◆ Task directions:
Return the lines of the data below starting at the one holding "Do you want these" and ending at the one holding "First time around, it", word for word, leaving every picture out.

◆ The data:
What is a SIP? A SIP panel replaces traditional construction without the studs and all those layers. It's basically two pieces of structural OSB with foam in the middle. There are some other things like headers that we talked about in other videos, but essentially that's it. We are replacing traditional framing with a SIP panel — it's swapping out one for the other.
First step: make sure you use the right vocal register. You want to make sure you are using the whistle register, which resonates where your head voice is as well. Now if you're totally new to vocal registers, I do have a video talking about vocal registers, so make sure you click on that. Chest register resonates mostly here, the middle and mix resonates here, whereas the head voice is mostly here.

---

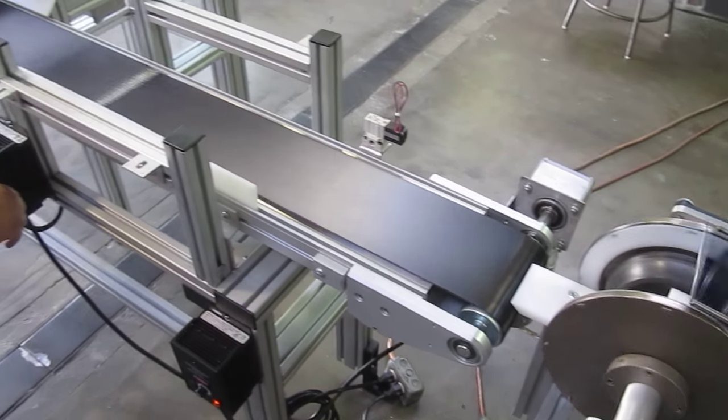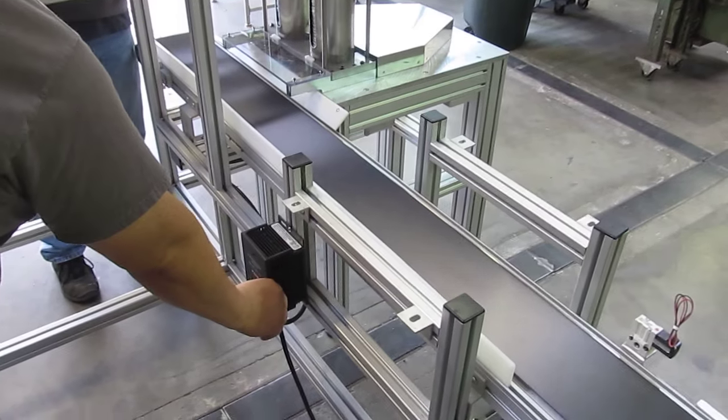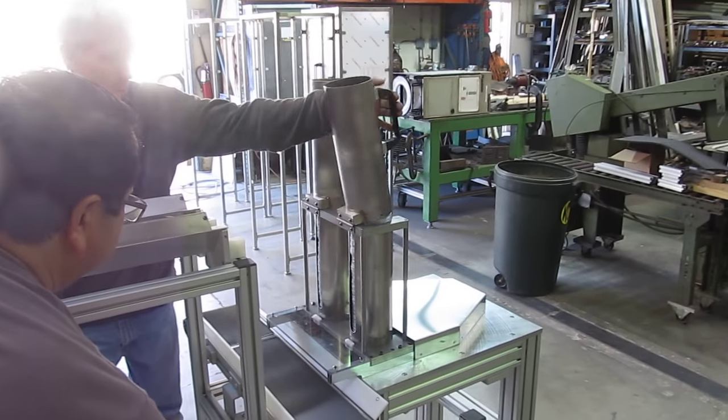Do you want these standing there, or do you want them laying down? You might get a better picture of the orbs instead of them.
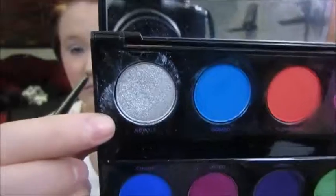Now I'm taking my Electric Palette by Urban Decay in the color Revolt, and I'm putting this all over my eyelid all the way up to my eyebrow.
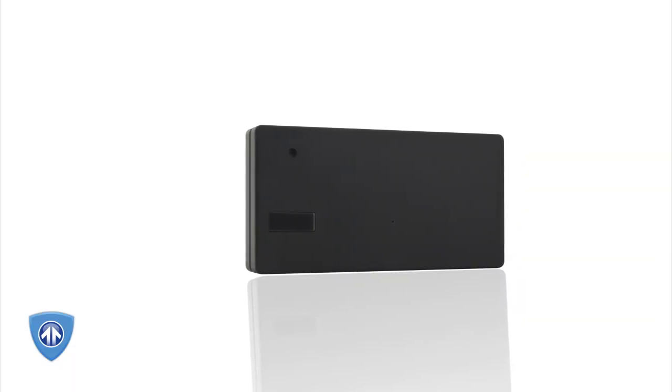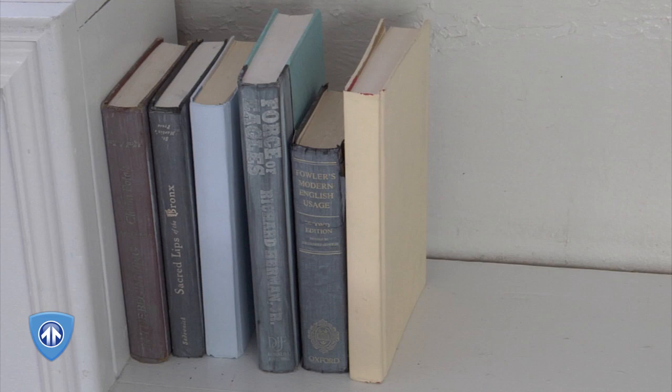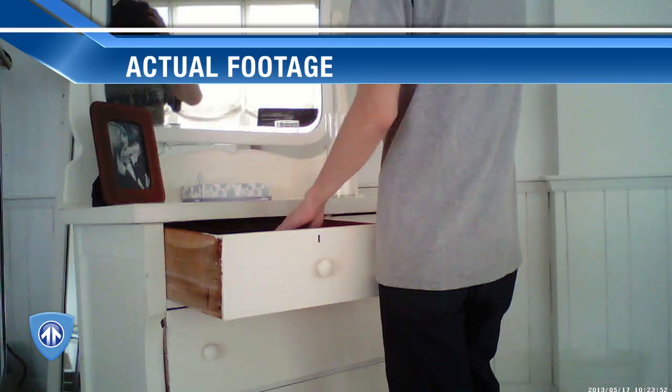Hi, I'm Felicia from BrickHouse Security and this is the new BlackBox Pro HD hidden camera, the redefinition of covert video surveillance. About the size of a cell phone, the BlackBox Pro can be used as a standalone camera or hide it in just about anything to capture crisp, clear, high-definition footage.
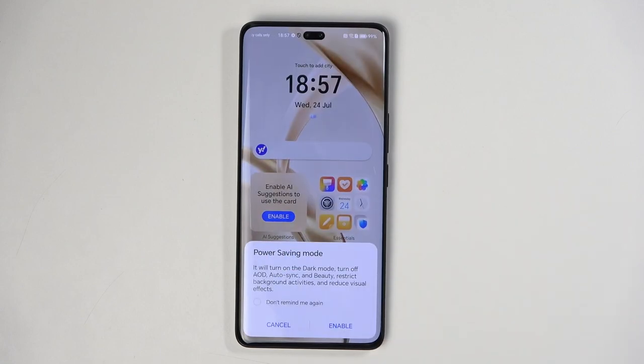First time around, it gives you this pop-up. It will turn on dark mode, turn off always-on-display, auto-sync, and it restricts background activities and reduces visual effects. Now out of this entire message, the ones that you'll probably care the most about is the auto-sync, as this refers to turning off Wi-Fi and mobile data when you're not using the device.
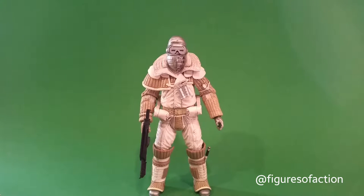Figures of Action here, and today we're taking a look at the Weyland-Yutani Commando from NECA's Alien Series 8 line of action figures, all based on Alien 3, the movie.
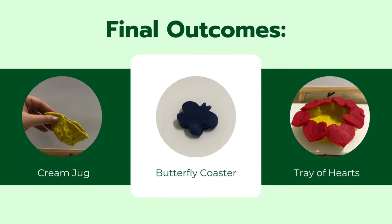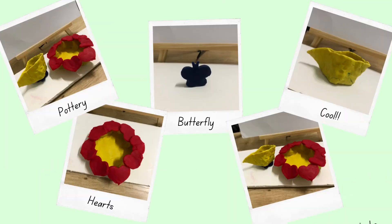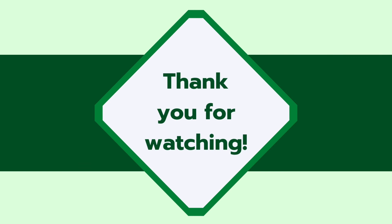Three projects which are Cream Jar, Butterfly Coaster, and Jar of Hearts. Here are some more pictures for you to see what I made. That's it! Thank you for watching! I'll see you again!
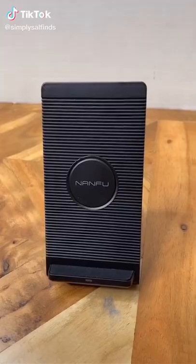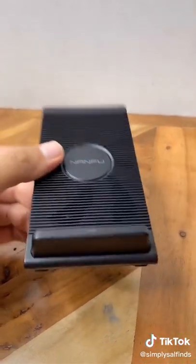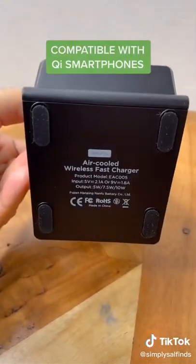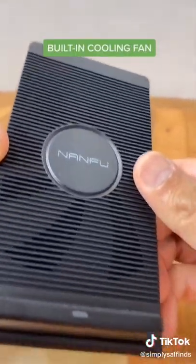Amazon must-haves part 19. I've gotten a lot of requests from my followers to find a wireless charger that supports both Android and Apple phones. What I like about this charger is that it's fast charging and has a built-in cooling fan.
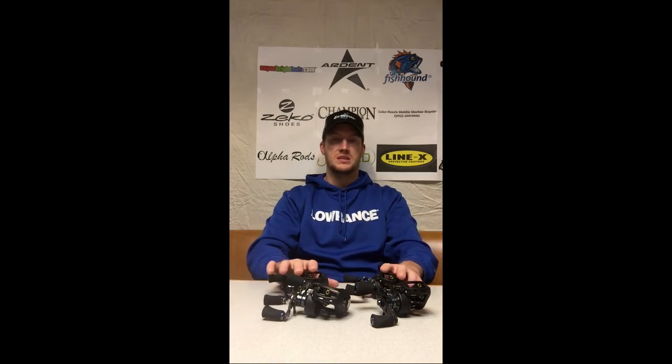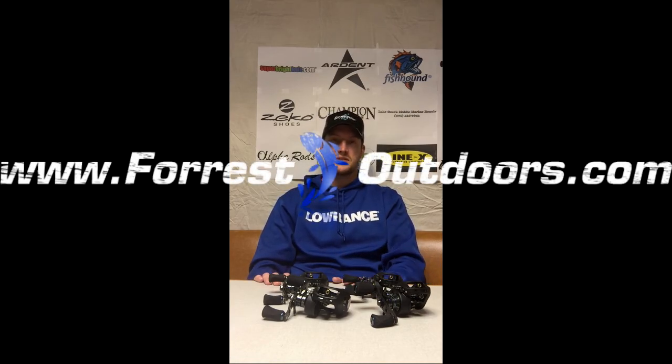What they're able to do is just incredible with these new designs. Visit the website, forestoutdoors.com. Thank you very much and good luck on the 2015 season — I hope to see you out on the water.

◆ Final answer:
Do you want these standing there, or do you want them laying down? You might get a better picture of the orbs instead of them.
Now I'm taking my Electric Palette by Urban Decay in the color Revolt, and I'm putting this all over my eyelid all the way up to my eyebrow.
Hi, I'm Felicia from BrickHouse Security and this is the new BlackBox Pro HD hidden camera, the redefinition of covert video surveillance. About the size of a cell phone, the BlackBox Pro can be used as a standalone camera or hide it in just about anything to capture crisp, clear, high-definition footage.
First time around, it gives you this pop-up. It will turn on dark mode, turn off always-on-display, auto-sync, and it restricts background activities and reduces visual effects. Now out of this entire message, the ones that you'll probably care the most about is the auto-sync, as this refers to turning off Wi-Fi and mobile data when you're not using the device.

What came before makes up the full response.